O fundador da VirguWines sente-se, assim, “um privilegiado” por figurar entre os convidados do podcast que promoveu a prova de dois vinhos. O primeiro dos quais, um Aphros Loureiro 2012, um exemplar de excelência da região dos Vinhos Verdes que Artur Azevedo quis dar a conhecer aos dois anfitriões.
Havia alguma expectativa na prova por ser um “branco verde de 2012”. Mas este Loureiro, a “casta rainha” de Arcos de Valdevez, a terra natal de Artur Azevedo, revelou-se “uma grande surpresa”, como o próprio admitiu no podcast.
Convidado e anfitriões ficaram encantados com a “cor e o nariz” num vinho branco verde com 11 anos, o que comprova que se pode guardar e que ainda tem “muito para dar”.
O outro vinho em prova nesta edição do podcast foi um Woodhaven Chardonnay de 2020 da Califórnia, um vinho branco jovem pronto para consumir produzido a partir de uma das uvas mais plantadas dos EUA.

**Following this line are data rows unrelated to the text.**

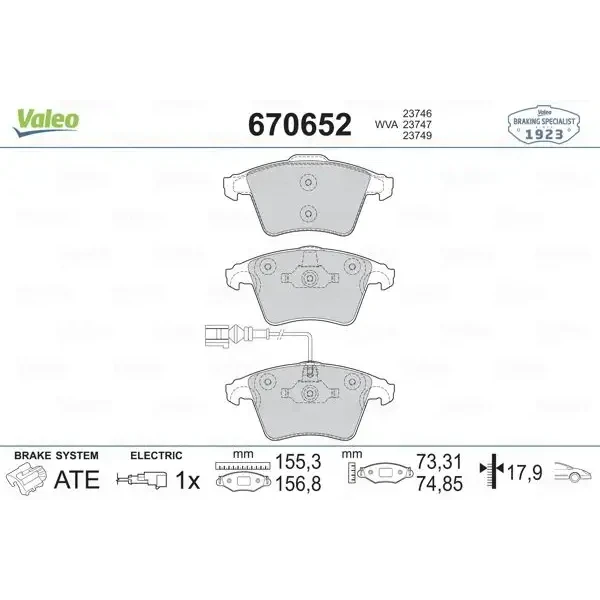 Valeo Ön Fren Balatası – 670652 / OEM 7H0698151E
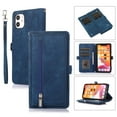 thumbnail image 1 of Dteck iPhone 11 Pro Zipper Walle Case,PU Leather Flip Retro Shockproof Magnetic Stand Case Cover for iPhone 11 Pro 5.8 inch,Blue, 1 of 10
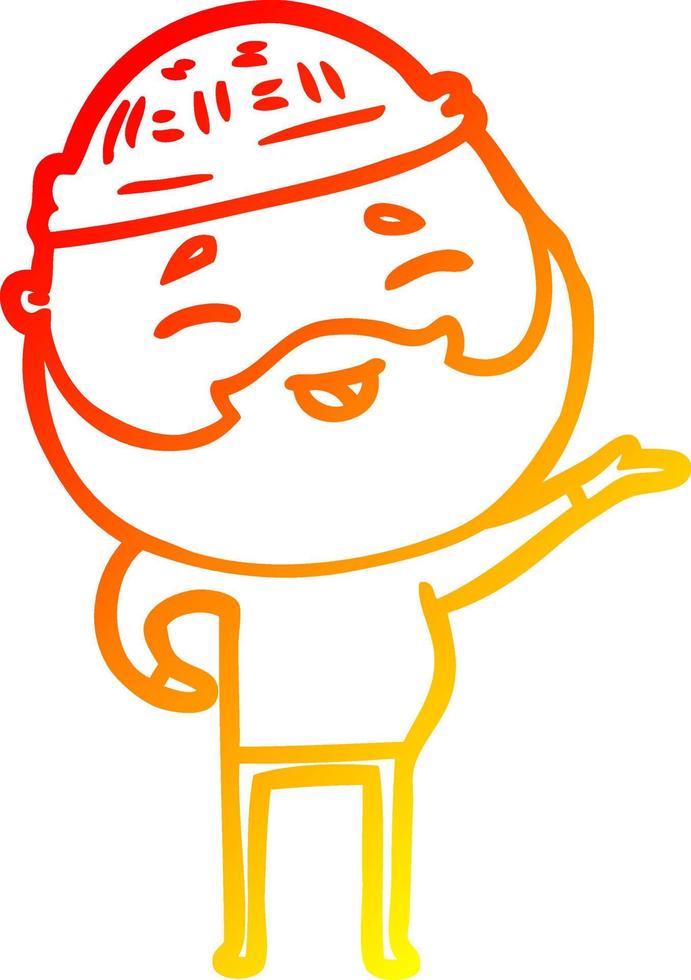 warm gradient line drawing cartoon happy bearded man vector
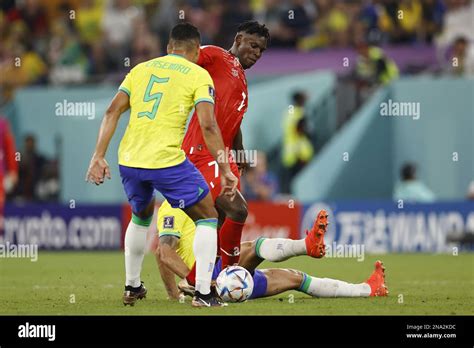 Doha Lr Casemiro Of Brazil Breel Embolo Of Switzerland During The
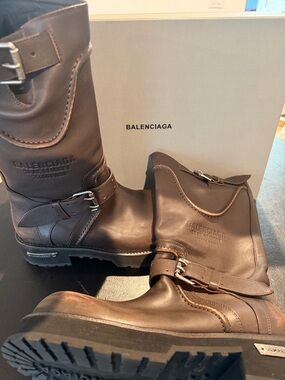 Balenciaga Brown Leather Engineer Boots with Buckles
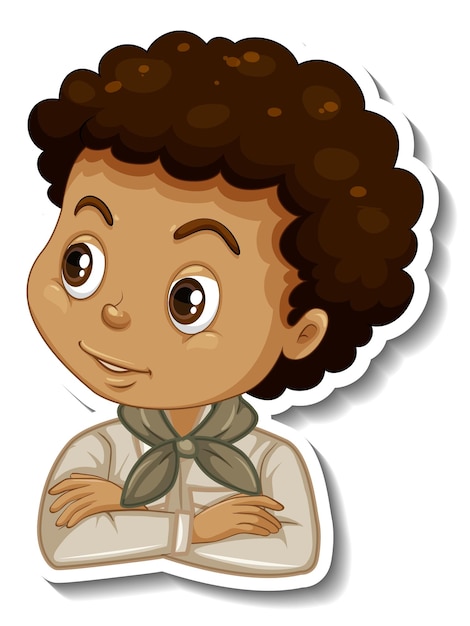 Niño en traje de safari pegatina de personaje de dibujos animados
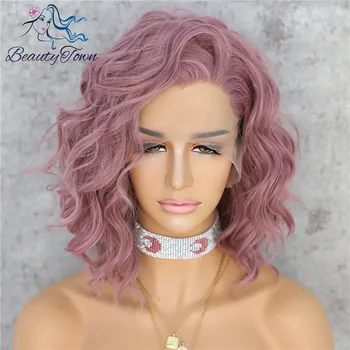 

Beautytown Short Pink Wavy High Heat Resistant Handmade Cosplay Party Drag Queen Synthetic Lace front wig for Women present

“Uma empresa de um homem só” que nasceu na garagem
À conversa com os moderadores do “Meia Rolha”, Artur Azevedo falou da sua paixão pelo vinho e de como tem investido nesta área em termos profissionais, embora a sua experiência, neste âmbito, tenha passado, inicialmente, pelo e-commerce e pelo desenvolvimento web como “webmaster”.
Em 2015, lançou a garrafeira online VirguWines e o negócio “explodiu” à boleia da pandemia, altura em que muitos produtores contactaram Artur Azevedo para promover as suas vendas.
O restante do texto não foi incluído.